- _Exercise objective_
Range to reproduce from the entries below: the line with "Collier mit Topas", the line with "Jeep Phosche Cayanne", and every line in between. Give them exactly and give nothing else.

- _Record set_

######

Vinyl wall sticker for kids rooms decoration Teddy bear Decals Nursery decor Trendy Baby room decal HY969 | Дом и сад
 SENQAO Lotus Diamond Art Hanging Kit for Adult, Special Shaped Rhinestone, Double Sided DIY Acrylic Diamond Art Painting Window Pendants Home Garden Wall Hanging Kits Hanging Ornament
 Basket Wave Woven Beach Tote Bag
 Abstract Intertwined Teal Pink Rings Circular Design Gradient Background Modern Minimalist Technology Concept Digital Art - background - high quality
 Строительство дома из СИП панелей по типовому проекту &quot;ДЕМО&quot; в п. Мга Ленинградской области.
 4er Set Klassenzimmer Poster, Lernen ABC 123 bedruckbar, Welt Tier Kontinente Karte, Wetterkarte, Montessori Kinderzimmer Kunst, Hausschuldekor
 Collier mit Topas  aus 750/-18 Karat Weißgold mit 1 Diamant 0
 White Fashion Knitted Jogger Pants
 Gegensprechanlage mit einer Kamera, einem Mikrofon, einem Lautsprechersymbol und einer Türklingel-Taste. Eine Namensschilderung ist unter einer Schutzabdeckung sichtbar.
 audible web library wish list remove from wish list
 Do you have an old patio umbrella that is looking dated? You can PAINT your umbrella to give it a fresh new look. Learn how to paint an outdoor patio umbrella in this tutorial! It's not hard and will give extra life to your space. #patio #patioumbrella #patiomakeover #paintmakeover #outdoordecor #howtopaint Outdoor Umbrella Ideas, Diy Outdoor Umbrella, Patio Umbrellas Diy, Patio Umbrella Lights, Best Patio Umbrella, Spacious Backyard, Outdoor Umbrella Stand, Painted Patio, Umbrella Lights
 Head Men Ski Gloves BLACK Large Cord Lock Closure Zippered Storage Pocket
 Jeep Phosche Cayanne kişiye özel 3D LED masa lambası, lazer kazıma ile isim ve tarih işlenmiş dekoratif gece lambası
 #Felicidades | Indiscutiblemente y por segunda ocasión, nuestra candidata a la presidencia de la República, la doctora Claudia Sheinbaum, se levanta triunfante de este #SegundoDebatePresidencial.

######

- _Answer below_
 Collier mit Topas  aus 750/-18 Karat Weißgold mit 1 Diamant 0
 White Fashion Knitted Jogger Pants
 Gegensprechanlage mit einer Kamera, einem Mikrofon, einem Lautsprechersymbol und einer Türklingel-Taste. Eine Namensschilderung ist unter einer Schutzabdeckung sichtbar.
 audible web library wish list remove from wish list
 Do you have an old patio umbrella that is looking dated? You can PAINT your umbrella to give it a fresh new look. Learn how to paint an outdoor patio umbrella in this tutorial! It's not hard and will give extra life to your space. #patio #patioumbrella #patiomakeover #paintmakeover #outdoordecor #howtopaint Outdoor Umbrella Ideas, Diy Outdoor Umbrella, Patio Umbrellas Diy, Patio Umbrella Lights, Best Patio Umbrella, Spacious Backyard, Outdoor Umbrella Stand, Painted Patio, Umbrella Lights
 Head Men Ski Gloves BLACK Large Cord Lock Closure Zippered Storage Pocket
 Jeep Phosche Cayanne kişiye özel 3D LED masa lambası, lazer kazıma ile isim ve tarih işlenmiş dekoratif gece lambası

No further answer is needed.